# Trapped In This Place (Looking For Musicians) [Mega Man Remix]



## TectorCoon (Oct 28, 2014)

So basically this track (http://www.youtube.com/watch?v=Br3uvu7_Tew) that plays on the 3rd and 4th levels of Dr. Cossack's Fortress from Mega Man 4. I wrote lyrics to this song...I would do this remix myself but, as you probably guessed, I lack good musical programs (or any musical programs for that matter). So I posted (or attempted to post) this thread over at http://ocremix.org in hopes that someone might be interested. I figured I'd post it here too so I could see if any other furs are interested in this piece...if so let me know so I can send the lyrics.

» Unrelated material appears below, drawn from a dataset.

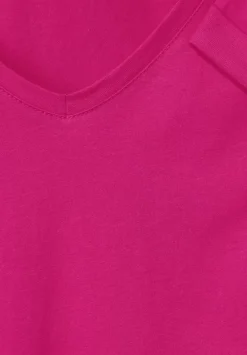 Shirt Mit 3/4 Armel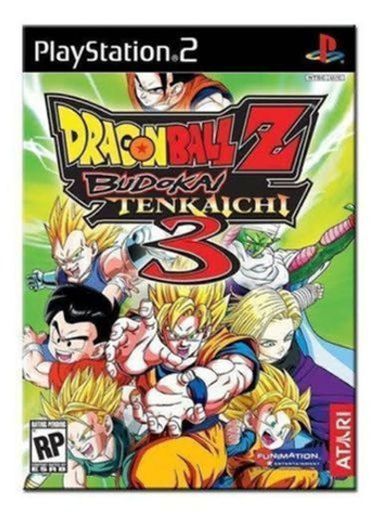 Dragon Ball Z Budokai Tenkaichi 3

Of course, just to be on the safe side, I will ask for you to present at least one piece or track you have made so I know you aren't just a fake and are going to steal my lyrics without credit...thanks for reading ^^

P.S. If you've ever heard the "Megas" music then a style like that would work quite well for this song.


----------



## Shadow Jaeger (Nov 2, 2014)

Ok.....do you need to have this made within a certain time period or what? 
Also....are you asking for a music commission or just a request?
I will have a look into the song but i won't guarantee i will make the remix.


----------



## ZettaBit (Nov 4, 2014)

Interesting, I may play with this a bit if I have some free time. I will see if I can get a MIDI.


----------